** PROBLEM **
When you reach the line containing "JEPET APARTAMENT 2+1+2+BLK" in the data below, begin returning lines exactly as written, and stop once the line containing "Modern Patio Cover" has been returned.

(EXCERPTED RECORDS Opens)

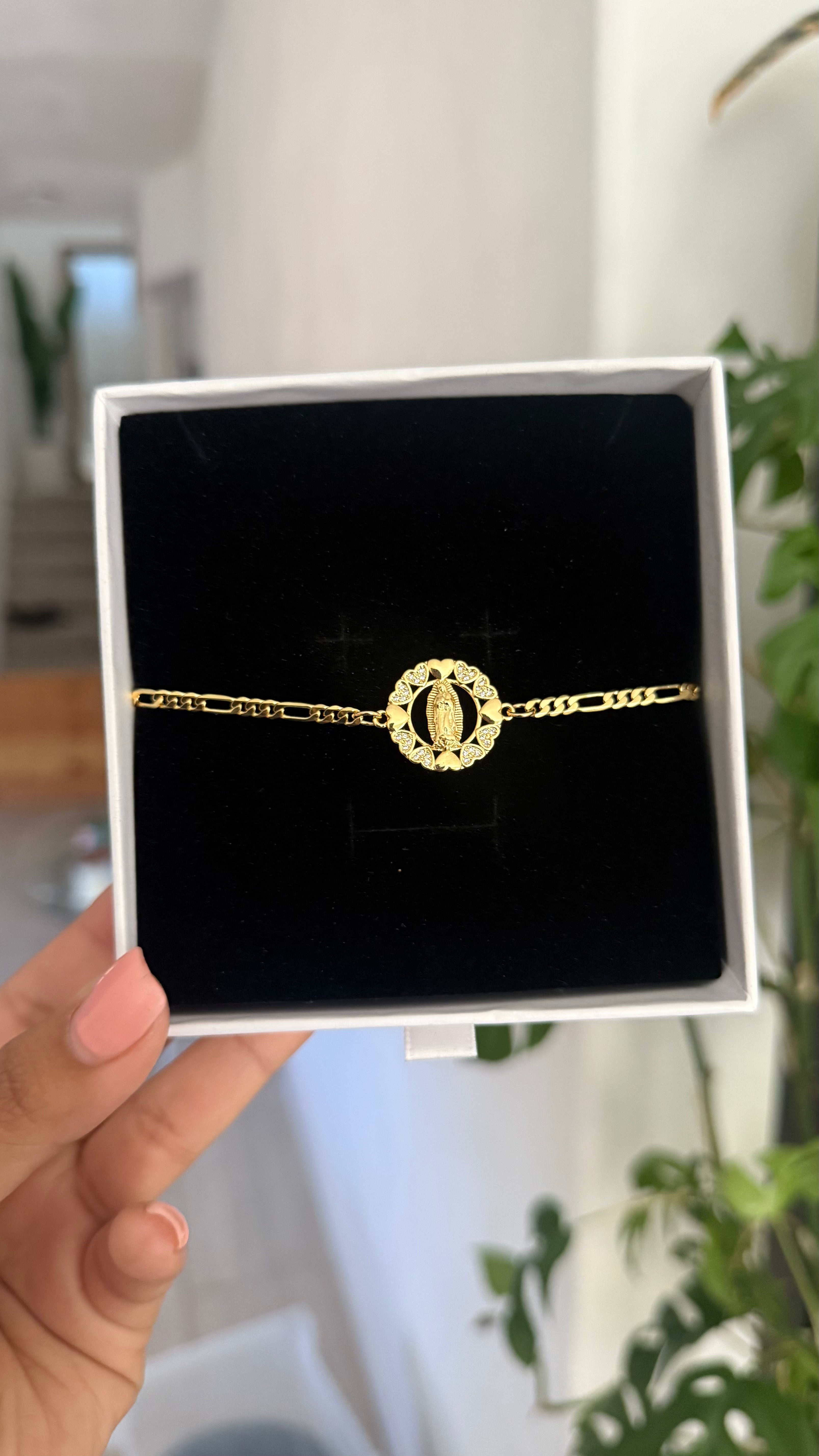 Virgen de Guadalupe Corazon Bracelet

(EXCERPTED RECORDS Closes)
(EXCERPTED RECORDS Opens)

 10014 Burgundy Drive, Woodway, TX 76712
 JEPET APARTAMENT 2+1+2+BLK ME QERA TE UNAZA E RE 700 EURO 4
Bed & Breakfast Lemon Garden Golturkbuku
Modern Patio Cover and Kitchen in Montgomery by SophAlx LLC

(EXCERPTED RECORDS Closes)

** OUTPUT FOR THIS EXERCISE **
 JEPET APARTAMENT 2+1+2+BLK ME QERA TE UNAZA E RE 700 EURO 4
Bed & Breakfast Lemon Garden Golturkbuku
Modern Patio Cover and Kitchen in Montgomery by SophAlx LLC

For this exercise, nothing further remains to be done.